Logstash | Use cases | Stages

full_stackgeek

Full Stack Geek

Posted on May 26, 2019

Logstash | Use cases | Stages

Logstash:

Traditionally, Logstash has been used to process logs from applications and send them to Elasticsearch, hence the name. That’s still a popular use case, but Logstash has evolved into a more general purpose tool, meaning that Logstash is a data processing pipeline.

The data that Logstash receives, will be handled as events, which can be anything of your choice. They could be log file entries, e-commerce orders, customers, chat messages, etc. These events are then processed by Logstash and shipped off to one or more destinations.

A couple of examples could be Elasticsearch, a Kafka queue, an e-mail message, or to an HTTP endpoint.


A Logstash pipeline consists of three stages: an Input stage, Filter stage, and output stage. Each stage can make use of a plugin to do its task.

  • Input Stage: Input stage is how the Logstash receives the data.
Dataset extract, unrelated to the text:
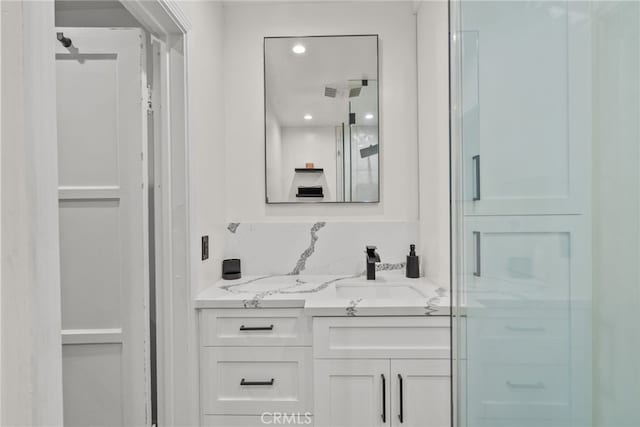 bathroom featuring vanity and a shower with door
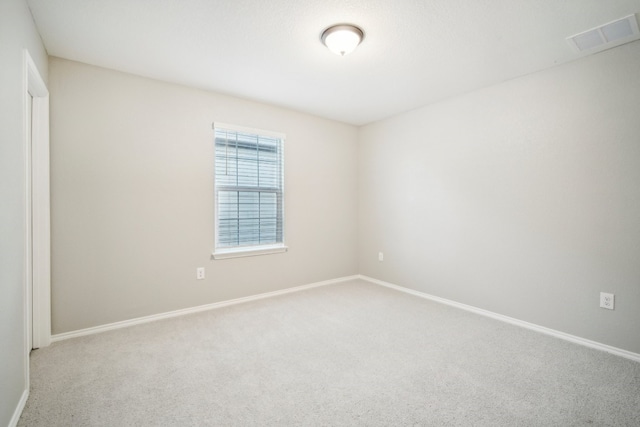 unfurnished room featuring carpet floors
An input plugin could be a file so that the Logstash reads events from a file, It could be an HTTP endpoint or it could be a relational database or even a Kafka queue Logstash can listen to.
  • Filter Stage: Filter stage is all about how Logstash would process the events received from Input stage plugins. Here we can parse CSV, XML, or JSON. We can also do data enrichment, such as looking up an IP address and resolving its geographical location or look up data in a relational database.
  • Output Stage: An output plugin is where we send the processed events to. Formally, those places are called stashes. These places can be a database, a file, an Elasticsearch instance, a Kafka queue and so on.

So, Logstash receives events from one or more inputs plugins at the Input Stage, processes them at Filter Stage, and sends them to one or more stashes at Output Stage.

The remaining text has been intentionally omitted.